* _Short descriptive text snippets_
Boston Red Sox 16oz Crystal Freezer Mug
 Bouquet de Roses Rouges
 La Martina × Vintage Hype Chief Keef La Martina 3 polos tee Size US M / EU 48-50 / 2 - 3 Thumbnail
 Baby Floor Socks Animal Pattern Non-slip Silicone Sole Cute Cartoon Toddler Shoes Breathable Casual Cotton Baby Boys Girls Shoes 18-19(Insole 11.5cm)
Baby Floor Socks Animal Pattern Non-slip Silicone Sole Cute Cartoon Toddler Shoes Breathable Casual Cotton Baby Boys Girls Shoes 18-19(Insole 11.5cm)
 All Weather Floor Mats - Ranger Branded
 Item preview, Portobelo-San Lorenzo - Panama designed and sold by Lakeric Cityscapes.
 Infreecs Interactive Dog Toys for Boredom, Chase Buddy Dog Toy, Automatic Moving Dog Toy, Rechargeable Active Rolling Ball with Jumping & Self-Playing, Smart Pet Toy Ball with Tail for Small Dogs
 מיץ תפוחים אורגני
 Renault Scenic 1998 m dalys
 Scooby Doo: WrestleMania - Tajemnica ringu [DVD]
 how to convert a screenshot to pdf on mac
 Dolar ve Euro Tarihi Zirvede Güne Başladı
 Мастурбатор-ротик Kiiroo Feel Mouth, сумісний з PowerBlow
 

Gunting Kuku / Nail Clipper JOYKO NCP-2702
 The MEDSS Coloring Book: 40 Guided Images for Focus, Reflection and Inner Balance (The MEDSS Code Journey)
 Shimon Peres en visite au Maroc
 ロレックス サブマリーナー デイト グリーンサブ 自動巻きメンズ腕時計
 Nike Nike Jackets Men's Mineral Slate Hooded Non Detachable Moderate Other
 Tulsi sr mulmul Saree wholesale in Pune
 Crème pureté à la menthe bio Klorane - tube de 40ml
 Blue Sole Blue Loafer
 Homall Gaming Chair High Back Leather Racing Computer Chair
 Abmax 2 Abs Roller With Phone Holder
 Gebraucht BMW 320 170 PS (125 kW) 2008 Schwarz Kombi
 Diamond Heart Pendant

* _Task details_
Please transcribe exactly the line containing "Blue Sole Blue Loafer" and every line after it to the end of the data, and no other lines.

* _Result below_
 Blue Sole Blue Loafer
 Homall Gaming Chair High Back Leather Racing Computer Chair
 Abmax 2 Abs Roller With Phone Holder
 Gebraucht BMW 320 170 PS (125 kW) 2008 Schwarz Kombi
 Diamond Heart Pendant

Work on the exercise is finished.